# Exercise
Print exactly what appears from the line containing "image for item" through the final line of the data below, pictures excluded.

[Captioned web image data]
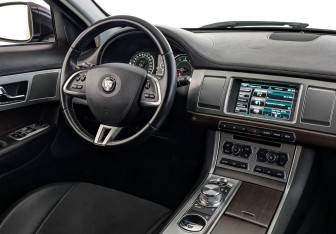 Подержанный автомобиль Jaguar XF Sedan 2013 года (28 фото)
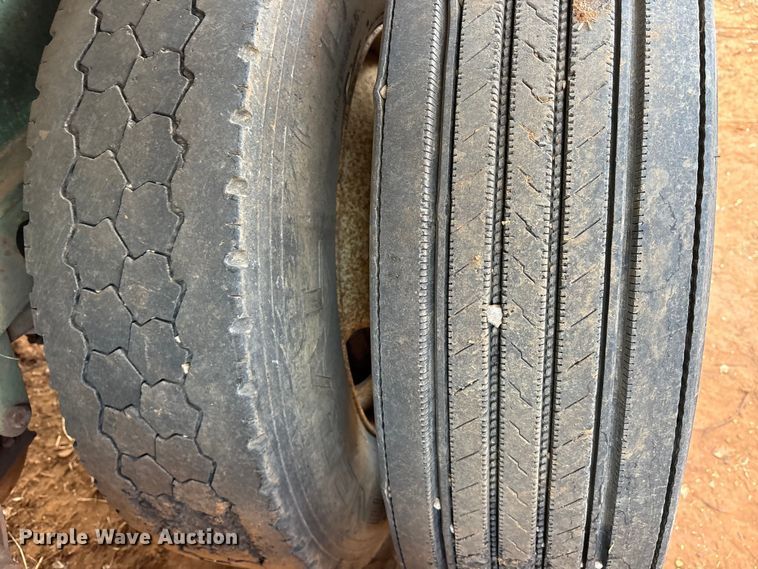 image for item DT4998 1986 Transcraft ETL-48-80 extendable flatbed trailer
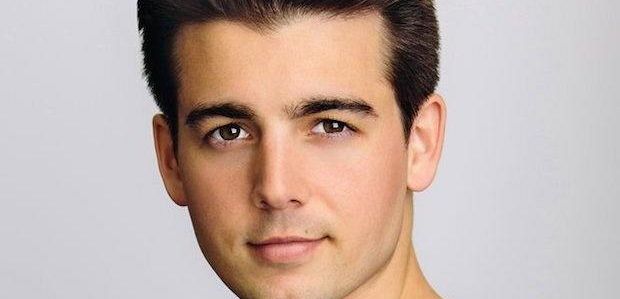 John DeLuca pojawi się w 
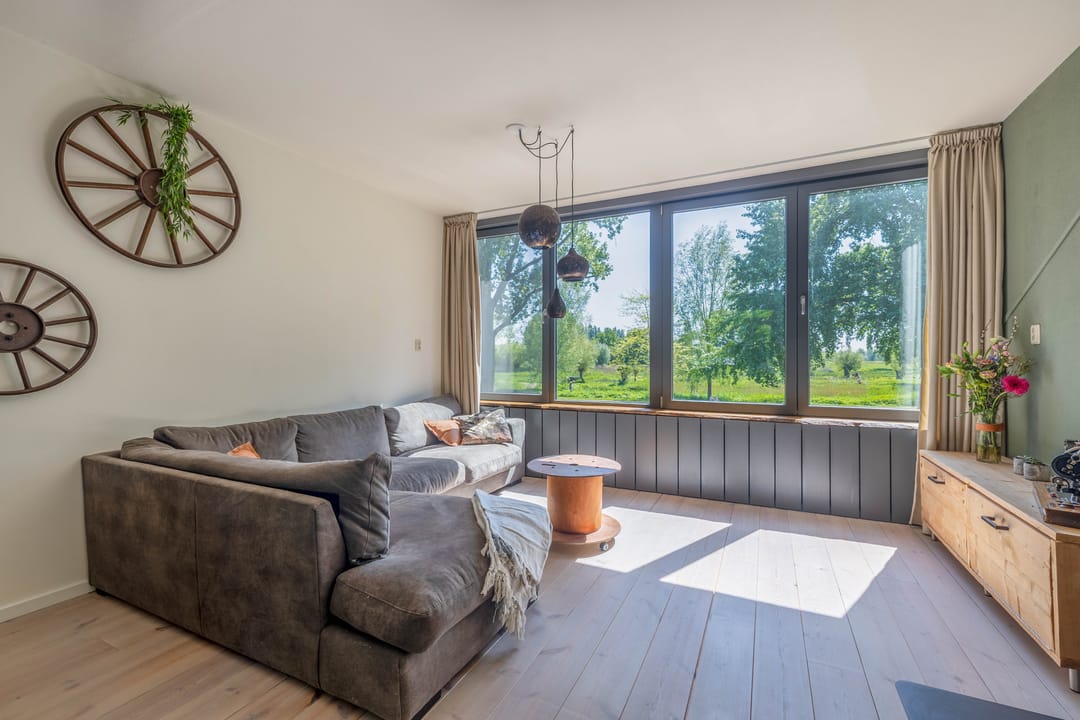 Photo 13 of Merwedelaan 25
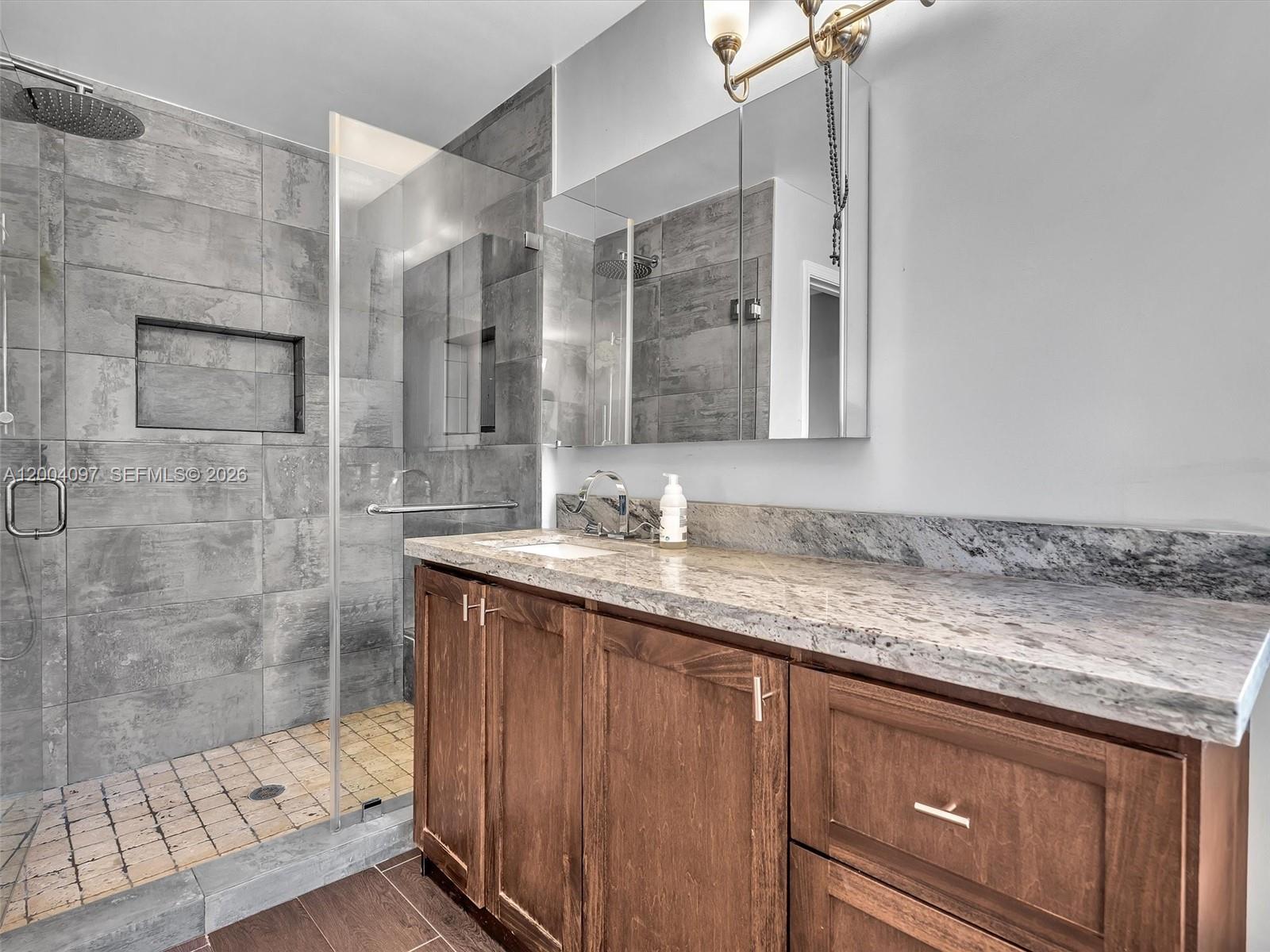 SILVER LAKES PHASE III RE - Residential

# Output of the task
 image for item DT4998 1986 Transcraft ETL-48-80 extendable flatbed trailer
 John DeLuca pojawi się w 
 Photo 13 of Merwedelaan 25
 SILVER LAKES PHASE III RE - Residential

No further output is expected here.